--- Records drawn from a dataset ---
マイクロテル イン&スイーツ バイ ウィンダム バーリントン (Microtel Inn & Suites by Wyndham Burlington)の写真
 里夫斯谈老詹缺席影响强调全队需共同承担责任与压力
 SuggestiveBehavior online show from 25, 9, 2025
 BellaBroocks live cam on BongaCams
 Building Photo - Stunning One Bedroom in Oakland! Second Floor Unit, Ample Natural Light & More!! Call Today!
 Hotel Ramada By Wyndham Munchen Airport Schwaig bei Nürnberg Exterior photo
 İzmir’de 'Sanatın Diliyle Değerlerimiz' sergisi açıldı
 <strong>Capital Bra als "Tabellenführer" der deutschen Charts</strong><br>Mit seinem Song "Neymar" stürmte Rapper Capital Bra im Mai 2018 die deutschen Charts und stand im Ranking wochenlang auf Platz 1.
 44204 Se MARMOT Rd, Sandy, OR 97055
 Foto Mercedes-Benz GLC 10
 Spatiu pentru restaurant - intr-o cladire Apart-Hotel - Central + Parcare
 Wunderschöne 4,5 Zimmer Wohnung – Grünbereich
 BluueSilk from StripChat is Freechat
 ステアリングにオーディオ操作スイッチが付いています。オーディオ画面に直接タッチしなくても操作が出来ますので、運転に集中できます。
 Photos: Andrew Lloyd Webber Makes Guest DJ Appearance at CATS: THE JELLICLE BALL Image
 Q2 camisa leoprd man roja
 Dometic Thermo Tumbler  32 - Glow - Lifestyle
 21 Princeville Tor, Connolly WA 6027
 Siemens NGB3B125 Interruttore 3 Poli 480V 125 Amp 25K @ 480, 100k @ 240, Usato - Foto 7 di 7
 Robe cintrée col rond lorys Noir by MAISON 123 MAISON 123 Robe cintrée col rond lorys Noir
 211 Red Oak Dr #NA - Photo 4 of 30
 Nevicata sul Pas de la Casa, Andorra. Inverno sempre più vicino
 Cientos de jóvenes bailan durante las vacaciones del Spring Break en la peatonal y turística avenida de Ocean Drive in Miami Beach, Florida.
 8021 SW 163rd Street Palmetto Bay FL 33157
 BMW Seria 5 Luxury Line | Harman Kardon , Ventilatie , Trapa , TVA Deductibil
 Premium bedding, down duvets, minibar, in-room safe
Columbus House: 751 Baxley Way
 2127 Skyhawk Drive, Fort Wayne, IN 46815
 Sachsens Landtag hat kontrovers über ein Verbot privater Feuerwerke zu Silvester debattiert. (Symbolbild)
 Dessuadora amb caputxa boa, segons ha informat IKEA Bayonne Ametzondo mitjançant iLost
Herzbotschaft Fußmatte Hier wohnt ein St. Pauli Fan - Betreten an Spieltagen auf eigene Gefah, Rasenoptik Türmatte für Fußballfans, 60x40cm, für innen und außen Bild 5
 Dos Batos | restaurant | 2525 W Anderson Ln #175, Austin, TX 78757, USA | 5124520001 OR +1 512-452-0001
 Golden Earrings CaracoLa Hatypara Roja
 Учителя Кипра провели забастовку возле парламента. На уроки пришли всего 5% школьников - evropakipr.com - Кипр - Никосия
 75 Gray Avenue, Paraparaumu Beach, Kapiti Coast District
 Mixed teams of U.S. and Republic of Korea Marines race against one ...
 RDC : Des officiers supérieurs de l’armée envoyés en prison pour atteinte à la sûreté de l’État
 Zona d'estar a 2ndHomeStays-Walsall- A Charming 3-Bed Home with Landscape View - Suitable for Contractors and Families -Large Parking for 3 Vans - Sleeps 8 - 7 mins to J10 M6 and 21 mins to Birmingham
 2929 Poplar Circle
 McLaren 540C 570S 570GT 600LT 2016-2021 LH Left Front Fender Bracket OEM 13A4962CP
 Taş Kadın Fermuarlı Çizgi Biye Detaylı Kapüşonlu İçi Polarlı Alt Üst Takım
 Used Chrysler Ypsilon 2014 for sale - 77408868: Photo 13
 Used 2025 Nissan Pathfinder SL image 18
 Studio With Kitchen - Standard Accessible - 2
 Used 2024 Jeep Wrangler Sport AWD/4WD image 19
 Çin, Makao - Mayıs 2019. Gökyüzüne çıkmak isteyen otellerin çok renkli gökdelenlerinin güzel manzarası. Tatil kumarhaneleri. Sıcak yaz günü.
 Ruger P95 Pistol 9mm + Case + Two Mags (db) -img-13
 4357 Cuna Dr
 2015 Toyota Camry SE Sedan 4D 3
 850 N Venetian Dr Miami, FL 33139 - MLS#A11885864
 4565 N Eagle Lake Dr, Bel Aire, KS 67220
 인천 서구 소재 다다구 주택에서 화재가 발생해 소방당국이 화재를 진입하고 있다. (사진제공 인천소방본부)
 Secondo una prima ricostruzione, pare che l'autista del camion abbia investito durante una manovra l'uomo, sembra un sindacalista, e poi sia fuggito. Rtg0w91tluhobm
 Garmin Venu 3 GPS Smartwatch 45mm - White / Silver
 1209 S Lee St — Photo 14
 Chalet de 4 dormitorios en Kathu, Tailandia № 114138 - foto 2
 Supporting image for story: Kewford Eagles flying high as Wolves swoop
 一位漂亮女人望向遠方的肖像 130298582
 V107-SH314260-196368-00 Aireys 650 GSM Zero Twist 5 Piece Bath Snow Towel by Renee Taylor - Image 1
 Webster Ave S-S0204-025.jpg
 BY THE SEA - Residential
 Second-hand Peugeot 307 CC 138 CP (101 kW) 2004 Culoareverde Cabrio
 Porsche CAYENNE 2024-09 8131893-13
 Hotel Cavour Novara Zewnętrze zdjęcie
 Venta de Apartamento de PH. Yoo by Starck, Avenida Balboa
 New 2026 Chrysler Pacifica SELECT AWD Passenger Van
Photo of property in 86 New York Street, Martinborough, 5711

--- Aim of the exercise ---
Find the word "durante" in the records and pull out each line that has it.

--- Expected output ---
 Cientos de jóvenes bailan durante las vacaciones del Spring Break en la peatonal y turística avenida de Ocean Drive in Miami Beach, Florida.
 Secondo una prima ricostruzione, pare che l'autista del camion abbia investito durante una manovra l'uomo, sembra un sindacalista, e poi sia fuggito. Rtg0w91tluhobm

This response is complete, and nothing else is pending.